Congregato concilio, antequam aliquid in eo proponatur, quinque aut sex aut plures iurisperiti ex familiis, quae illa sessione ordine loci priores sunt, regem adeant, ut libellos supplices vel epistolas, si quas habent, tradant, ut rerum statum indicent, et denique ut ex ipso intelligant, quid in suo concilio proponere iubeat ; quo accepto concilium repetant, et qui ordine loci prior est, rem consulendam aperiat. Nec de re suffragia statim colligenda, quae aliquibus videtur alicuius esse momenti, sed in id tempus differenda, quod rei necessitas concedit. Concilio igitur ad id statutum tempus soluto, poterunt interea uniuscuiusque familiae consiliarii de ipsa seorsum quaestionem habere, et, si res iis magni momenti videbitur, alios, qui eodem officio functi vel qui eiusdem concilii candidati sunt, consulere, et, si intra constitutum tempus inter ipsos convenire non poterit, illa familia extra suffragium erit ; nam unaquaeque familia unum tantum ferre suffragium poterit.
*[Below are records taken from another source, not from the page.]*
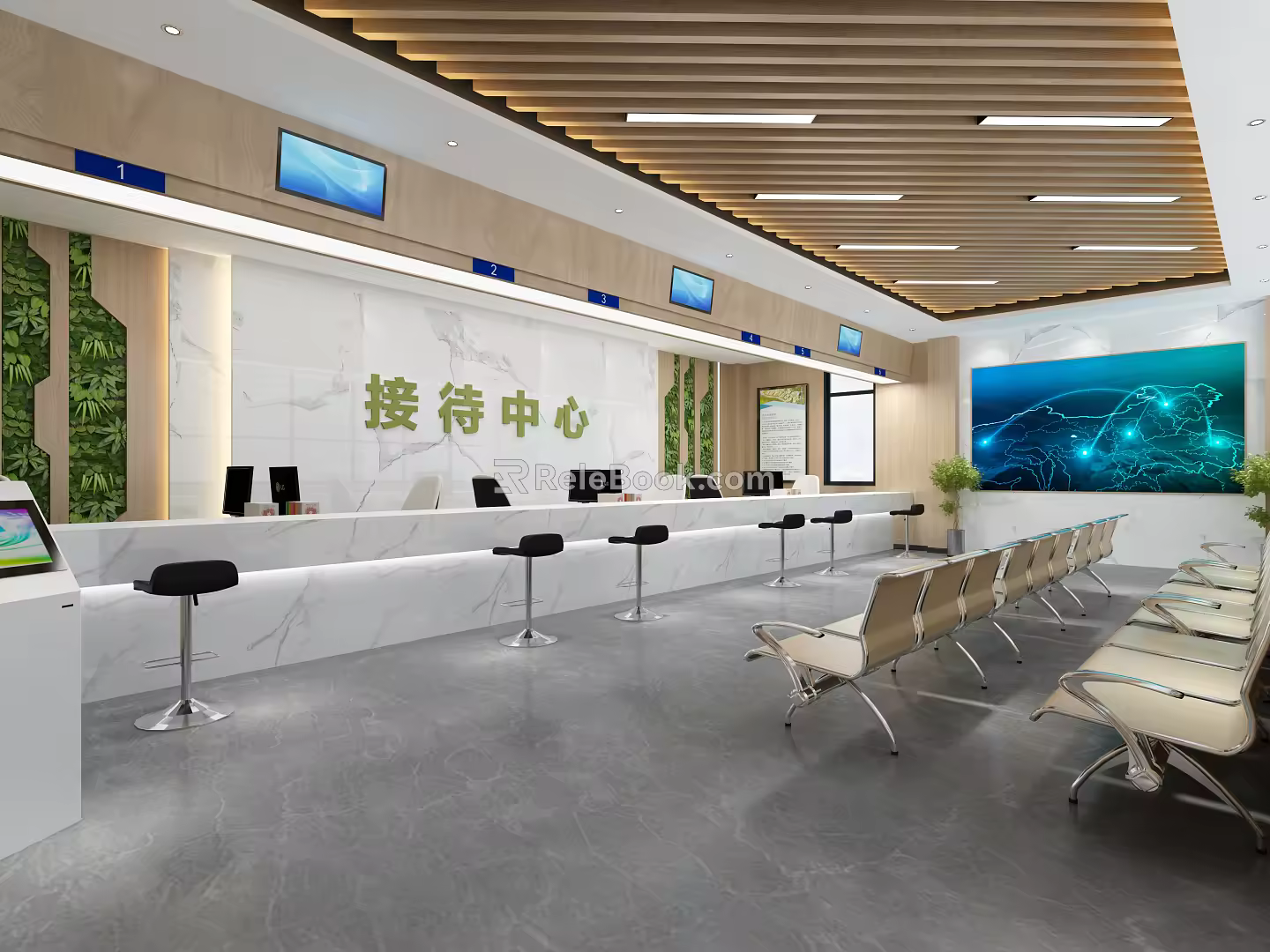 Modern Hall Reception Center 3d model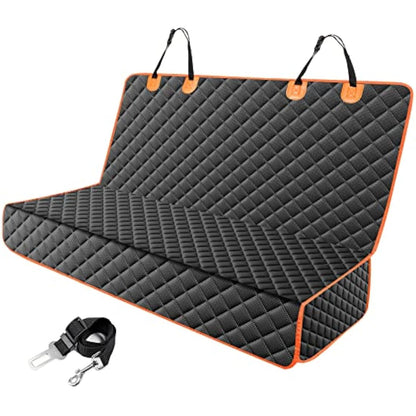JOEJOY Dog Car Seat Cover - Waterproof Back Seat Cover for Dogs, Non-slip & Scratch Proof Car Seat Cover for Dogs, Easy to Clean Car Back Seat Cover Universal fits SUVs Cars
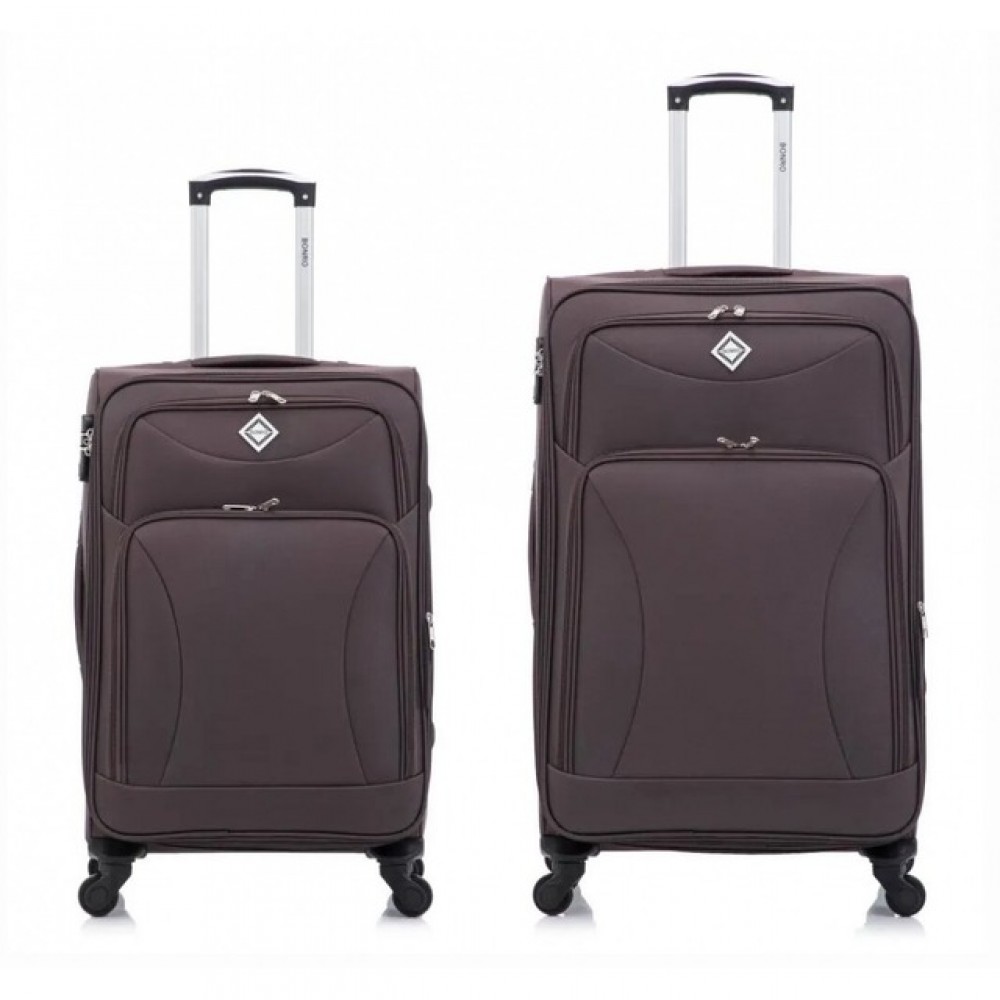 Набір з 2-х валіз Bonro Tourist (велика, середня), коричневий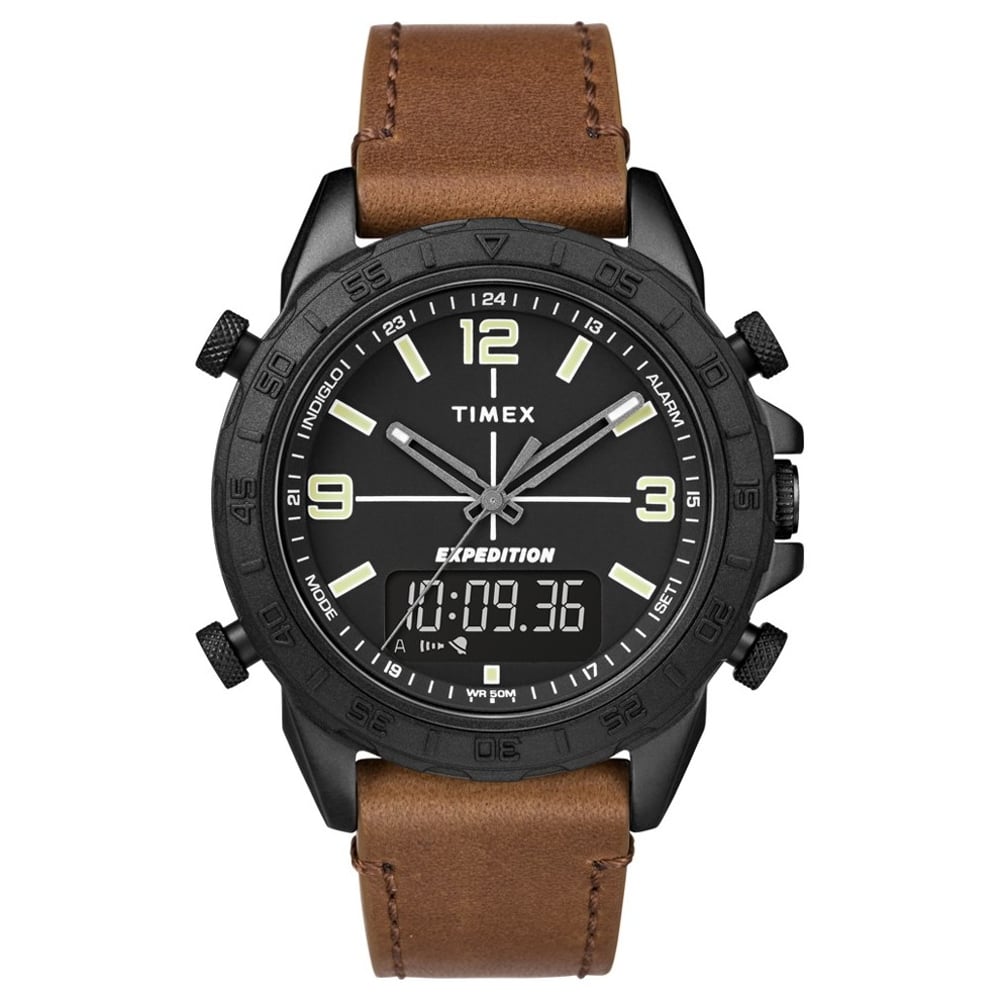 Timex TW4B17400 Expedition Pioneer Quartz Brown Leather Watch Men Timex TW4B17400 Expedition Pioneer Quartz Brown Leather Watch Men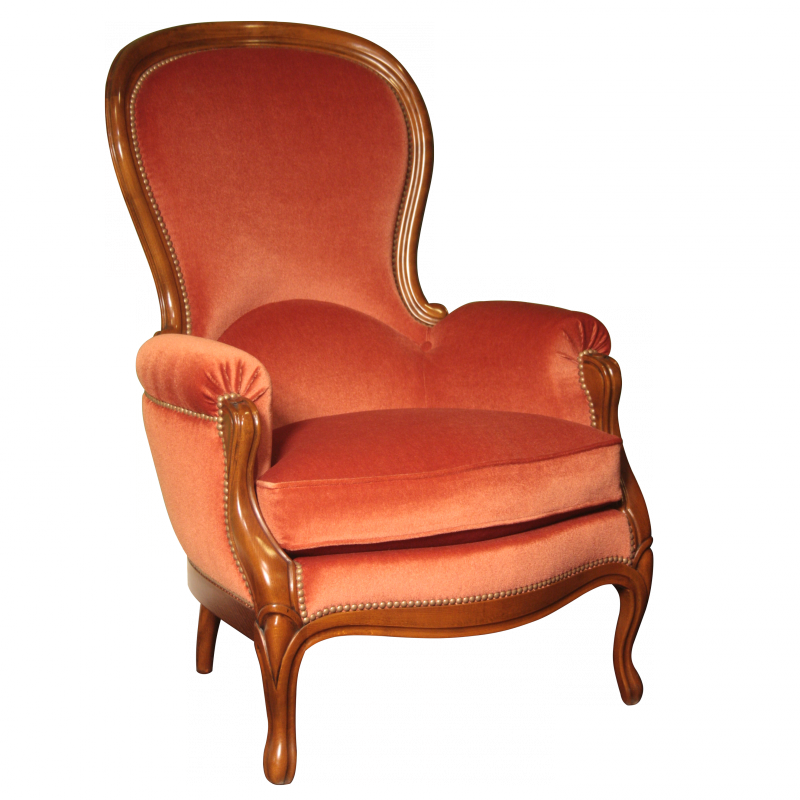 Easychair Vivien Louis-Philippe style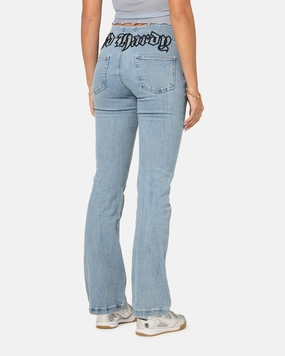 Ed Hardy Women's Low Rise Skinny Jeans Blue Denim Breathable Wear Fit quick dry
Alias eius familiae iurisperitus instructus sententiam, quam optimam iudicaverint esse, in ipso concilio ferat, et sic reliqui ; et si maiori parti visum fuerit post auditas cuiusque sententiae rationes, rem iterum perpendere, concilium iterum in tempus solvatur, ad quod unaquaeque familia, quaenam ultima eius sit sententia, pronunciabit, et tum demum praesente integro concilio suffragiis collectis ea irrita habeatur, quae centum ad minimum suffragia non habuerit. Reliquae autem ad regem deferantur a iurisperitis omnibus, qui concilio interfuerunt, ut ex iis, postquam uniuscuiusque partis rationes intellexerit, quam velit, eligat, atque inde digressi ad concilium revertantur, ubi omnes regem ad constitutum ab ipso tempus exspectent, ut, quam sententiam ex latis eligendam censet, omnes audiant, et quid faciendum ipse decernat.